Alpine Acquisition Corporation Receives Notice of Noncompliance from Nasdaq
FOUNTAIN HILLS, ARIZONA, April 10, 2023 (GLOBE NEWSWIRE) -- Alpine Acquisition Corporation (the "Company") announced today that on April 6, 2023, it received a notice (the "Notice") from the Listing Qualifications department of the Nasdaq Stock Market LLC ("Nasdaq") stating that because the Company has not yet filed its Annual Report on Form 10-K for the period ended December 31, 2022 (the "Filing"), the Company no longer complies with Nasdaq's rules for continued listing (the "Rules"). Under the Rules, the Company has 60 calendar days from the date of the Notice to submit a plan to regain compliance. If Nasdaq accepts the plan, it may grant an exception of up to 180 calendar days from the Filing's due date, or until September 27, 2023, for the Company to regain compliance.

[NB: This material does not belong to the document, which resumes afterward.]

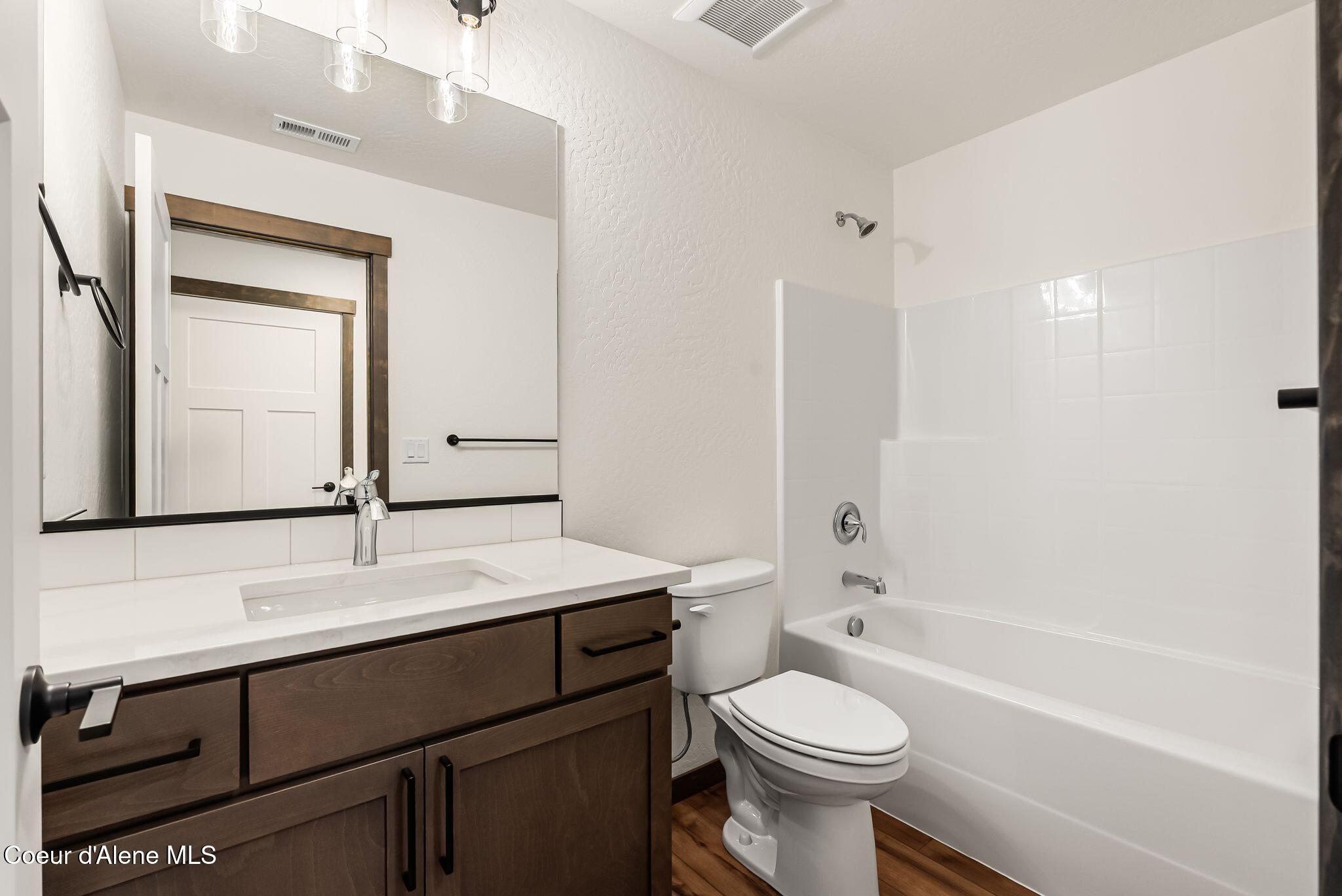 2302 Maverick Court Sandpoint, ID 83864 - Photo 12 of 32 15_DSC04817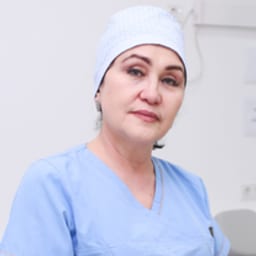 Портретный снимок врача, приём в городе Алматы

Forward-Looking Statements
This press release includes forward-looking statements that involve risks and uncertainties. Forward-looking statements are statements that are not historical facts. Such forward-looking statements are subject to risks and uncertainties, which could cause actual results to differ from the forward-looking statements. These forward-looking statements and factors that may cause such differences include, without limitation, the risks and uncertainties indicated from time to time in the Company's filings with the SEC. Readers are cautioned not to place undue reliance upon any forward-looking statements, which speak only as of the date made. The Company expressly disclaims any obligations or undertaking to release publicly any updates or revisions to any forward-looking statements contained herein to reflect any change in the Company's expectations with respect thereto or any change in events, conditions or circumstances on which any statement is based.
No Offer or Solicitation
This press release shall not constitute a solicitation of a proxy, consent or authorization with respect to any securities. This communication shall also not constitute an offer to sell or the solicitation of an offer to buy any securities, nor shall there be any sale of securities in any states or jurisdictions in which such offer, solicitation or sale would be unlawful prior to registration or qualification under the securities laws of any such jurisdiction. No offering of securities shall be made except by means of a prospectus meeting the requirements of Section 10 of the Securities Act or an exemption therefrom.